R Data Structures In Depth

Beginner 12 hrs 4 Concepts

Your Learning Map

📌 You already know

You can run code in RStudio and assign a value with x <- 10.

🎯 You'll learn here

R's core containers — vectors, matrices, lists, factors and data frames — and when to reach for each.

🌍 Where it's used

A data frame is a spreadsheet in code: survey data, sales tables and experiment results all live in one.

🔗 Unlocks next

Data frames are the input for Importing & Exporting Data and every dplyr verb.

Matrices and Arrays

Concept 1

Creating and Indexing Matrices

A matrix is a 2-dimensional vector — all elements same type, filled column-by-column by default.

m <- matrix(1:12, nrow=3, ncol=4)
#      [,1] [,2] [,3] [,4]
# [1,]   1    4    7   10
# [2,]   2    5    8   11
# [3,]   3    6    9   12

# Access [row, col] — both can be vectors
m[2, 3]        # 8
m[1, ]         # row 1: 1 4 7 10
m[, 2]         # col 2: 4 5 6
m[1:2, 3:4]    # submatrix

# Matrix operations
t(m)           # transpose
A <- matrix(c(1,2,3,4), 2,2)
solve(A)       # inverse
det(A)         # determinant = -2
A %*% t(A)     # matrix multiply

# apply over rows(1) or cols(2)
apply(m, 1, sum)   # row sums: 22 26 30
apply(m, 2, mean)  # col means: 2 5 8 11

Solved Examples

Example 1 Create a 4x4 matrix filled with 1:16, then extract the top-right 2x2 submatrix.

m <- matrix(1:16, 4, 4)
m[1:2, 3:4]
#      [,1] [,2]
# [1,]    9   13
# [2,]   10   14

Self-Assessment (2 questions)

Q1. In R, matrices are filled:

R fills matrices column-by-column (column-major order).
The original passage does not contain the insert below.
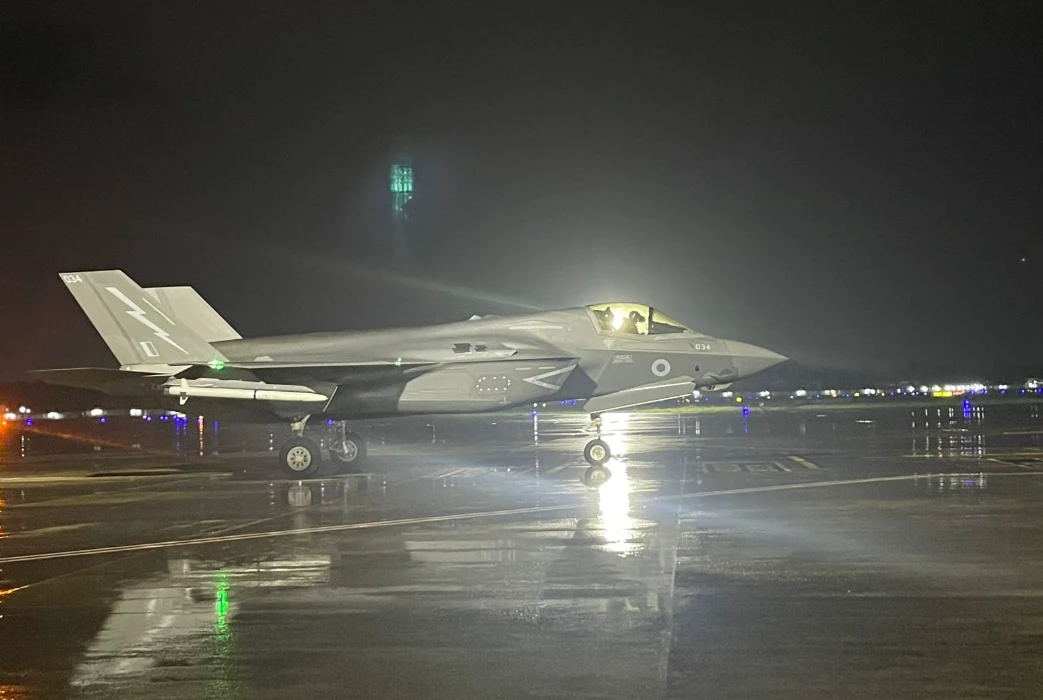 Indie. Brytyjski F-35B od 10 dni stoi w deszczu i czeka na naprawę Nowoczesny myśliwiec wojskowy F-35 stoi na oświetlonym, mokrym pasie startowym nocą, światła odbijają się od mokrej powierzchni, w kabinie siedzi pilot.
Use byrow=TRUE to fill row by row.

Q2. Which operator performs matrix multiplication in R?

The %<em>% operator is matrix multiplication. </em> does element-wise multiplication.

Lists and Data Frames

Concept 2

Lists — Flexible Containers

A list can hold any mix of types, including other lists. They're the backbone of model objects and API responses.

student <- list(
  name   = "Aarav Mehta",
  grade  = 11,
  scores = c(92, 88, 95),
  passed = TRUE
)

# Three equivalent access methods
student$name          # "Aarav Mehta"  ($ notation)
student[["grade"]]    # 11             ([[ ]] by name)
student[[3]]          # c(92,88,95)    ([[ ]] by position)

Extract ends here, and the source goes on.